On the flip side, of the 28 teams with losing records, only the 2020 Mets and the 2019 and 2020 Reds had winning records in blowouts. The Mets’ 2020 blowout winning percentage of .692 is the seventh-best mark in the majors over the past two seasons. Is it a small sample illusion? Perhaps. You’d think the Mets would be in line for a few more blowout losses, given the shaky status of their starting pitching. But their offense is really good, so it’s not a surprise they have a bunch of blowout wins.
And tying it back to RISP, a better performance in that category will help the overall record.
THE SQUIRREL GETS HIS WINGS – Jeff McNeil is flying high, shaking off a mediocre start to pound the ball in the past two weeks. In his last 12 games, McNeil has a 1.330 OPS, thanks to a streak where he homered in four straight games. He has 11 extra-base hits in his last 54 trips to the plate. There were quite a few people before the season started who wanted McNeil to go back to be the hitter he was when he first came up, one who concentrated on putting the ball in play and one who posted a high average. But the McNeil who cranks XBH is the one we should want to see. After years of watching Daniel Murphy being content to flick the ball the other way for a single, it’s amazing that people want McNeil to follow that path, after what we saw Murhpy do down the stretch in 2015 and his next two years with the Nationals. And with what we saw McNeil do the last two months of 2019 and the last two weeks here.
NOT EVERYONE IS HITTING – The Mets’ offense has been pretty good this year, usually with multiple guys hitting lights out at the same time. But there are always guys who are scuffling. And right now, the three who are acting as anchors are Pete Alonso, Robinson Cano and J.D. Davis. Everyone wants Alonso to be the guy he was last year and anytime he does anything positive at all, the broadcasters trip over themselves to praise him.

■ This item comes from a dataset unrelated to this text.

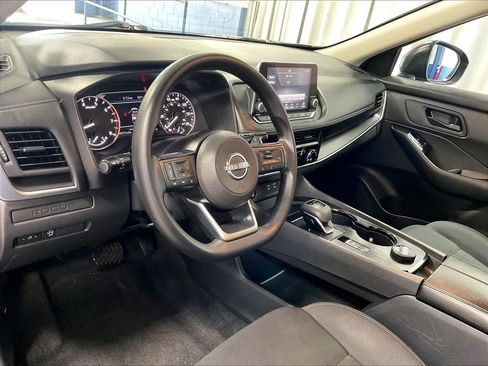 Used 2024 Nissan Rogue S AWD/4WD image 8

But in his last 19 games, Alonso has just a .186 AVG. Luckily six of his 13 hits have been homers. Otherwise it’s just been dreadful. Cano got off to a terrific start but has just five hits in his last 34 trips to the plate. And that includes a 3-hit game in Friday’s blowout. Davis is mired in a 4-25 slump. It’s tough when the two primary RHB are struggling at the same time.
A REBOUND FROM A FAMILIA FACE – Last year, Jeurys Familia was terrible. After 12 games this season, he stood with a 5.11 ERA and a 1.541 WHIP, as he allowed 7 ER and 9 BB in 12.1 IP. He was about the last guy you wanted to see on the mound in a tight situation. It got so bad that in his 13th game, Familia entered in the fifth inning. But starting with that outing, Familia has allowed just 1 ER in 8.1 IP and has held batters to a .188 AVG. Walks are still a problem and he’s probably never a guy you’ll want to see on the mound in the ninth inning with a one-run lead. But for the year now, he has a 3.48 ERA and we likely won’t see him pitching in the fifth inning again anytime soon.
BE CAREFUL WHAT YOU WISH FOR – There’s been no shortage of people moaning about Wilson Ramos and wanting a better defensive backstop behind the plate. The white whale is J.T. Realmuto, a guy who’s been a strong player on both offense and defense for a number of years now. Realmuto is an impending free agent and it would be a nice story if the Mets took him away from the Phillies one year after they took Zack Wheeler from the Mets. But if not Realmuto, then who? People are quick to say any defensive guy will be an improvement. Those people would be advised to check out Robinson Chirinos‘ numbers. It doesn’t matter how good you are defensively, you can’t make up for a sub-Plaweckian OPS.